From the angle of aggregate demand, the survey underlines that domestic absorption has remained reasonably strong, despite reduction in overall investment. Private consumption has, of late, been the major driver of growth. The possible shifts on the consumption front in the next year are; first, consumption incentives flowing from declining oil prices may partially recede in the next year; second, the pay commission awards could potentially add modestly to consumption demand; third, an improved farm sector performance can add to rural consumption. However, it may be hard to endlessly expect significantly higher growth impetus from consumption.
Economic Survey 2015-16 stresses that Government’s focus on fiscal consolidation rightly limits the option of raising general government consumption expenditure. Private corporate savings and investment showed encouraging results in 2014-15; but the eventual outcome may also be influenced by indications of excess capacity in some sectors. However, with multifaceted measures from the government to foster industry and enterprises, investment-led growth should return.
The outlook in the Survey points-out that India’s external sector outcome continues to be strong and sustainable because of strong macroeconomic fundamentals and low commodity prices. This is significant in the wake of volatility in global financial markets and their spill overs causing shocks in vulnerable economies, mainly the recent bout of uncertainty owing to developments and concerns about China’s growth, financial markets and currency.
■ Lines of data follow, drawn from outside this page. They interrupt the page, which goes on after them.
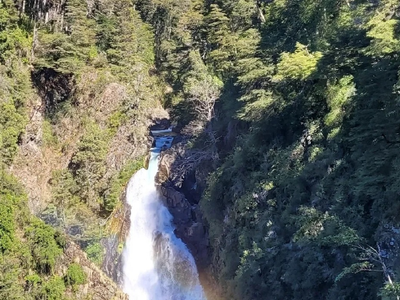 El encanto de la Cascada Chachín: cómo llegar al paraíso que conecta a Argentina con Chile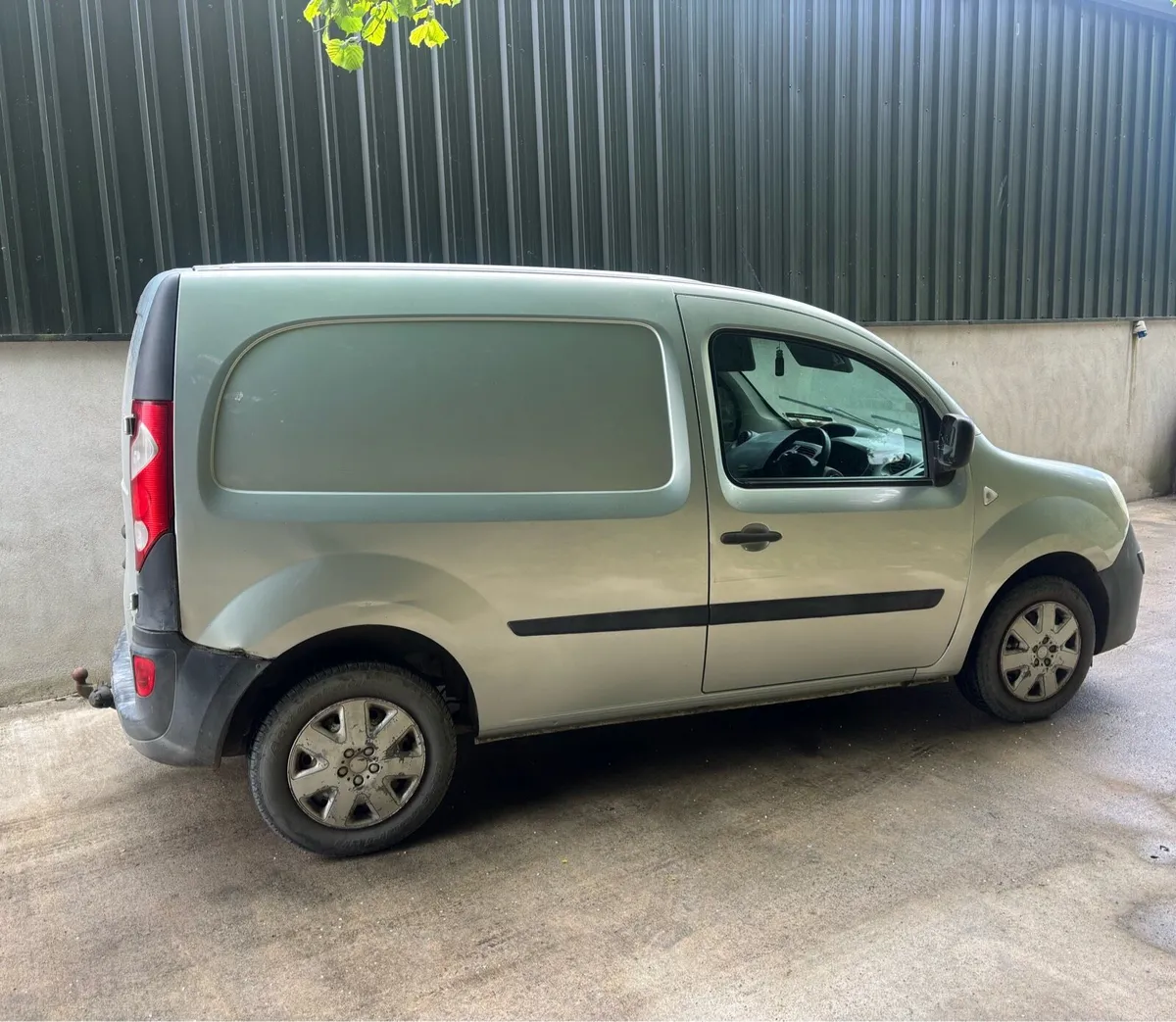 Van for sale - Image 4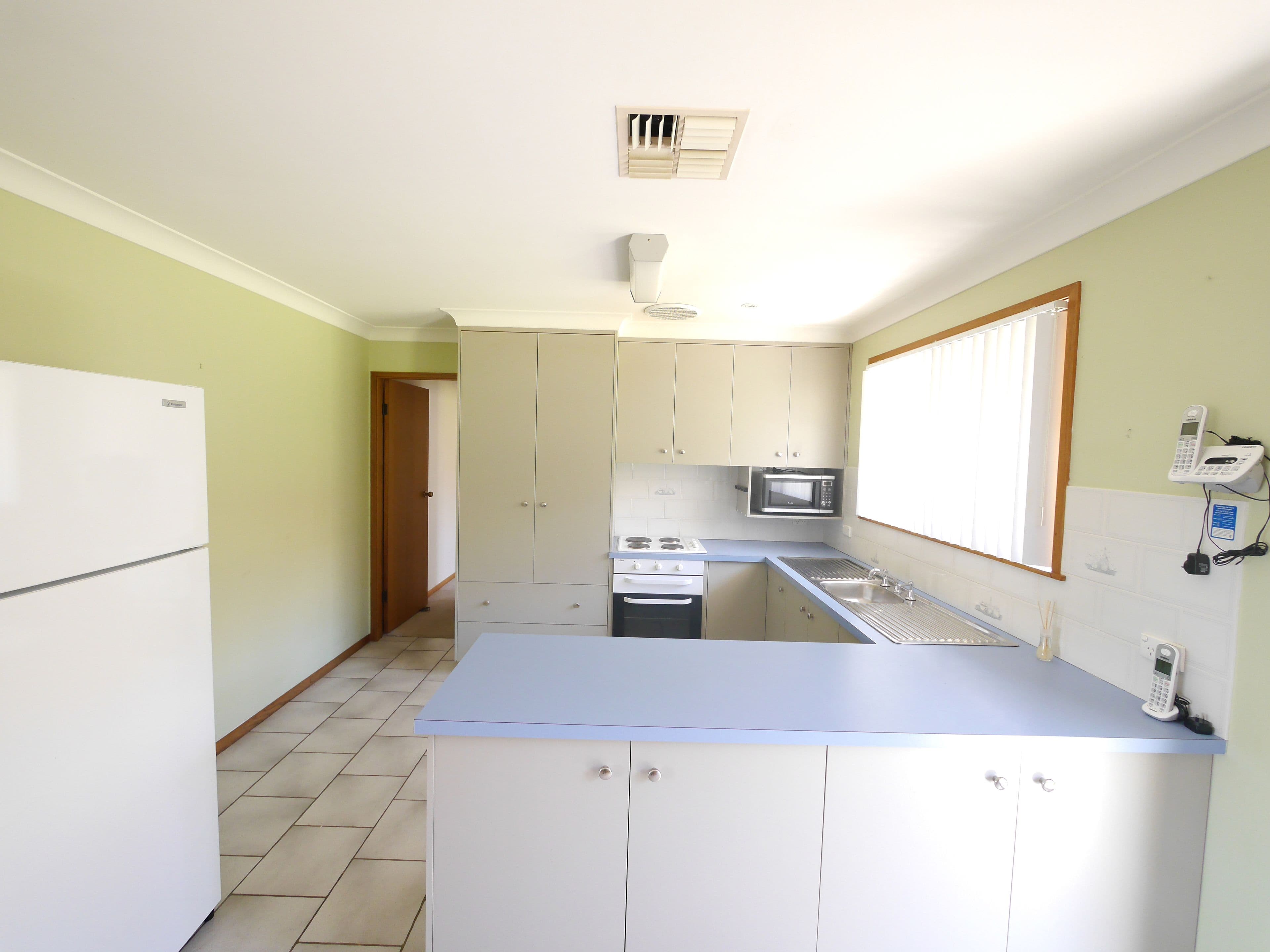 2 Frost Place, Cowra - Thumbnail 2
The survey says, while export slowdown may continue for a while before picking up in the next fiscal, continuance of low global commodity prices augurs well for sustaining low trade and current account deficits. As a proportion of GDP, the CAD is likely to be in the low range of 1 to 1.5 per cent. It adds that deficit in the current account is likely to be more than fully financed through stable flows and the volatility in global financial markets may affect the exchange rate less than in other emerging economies.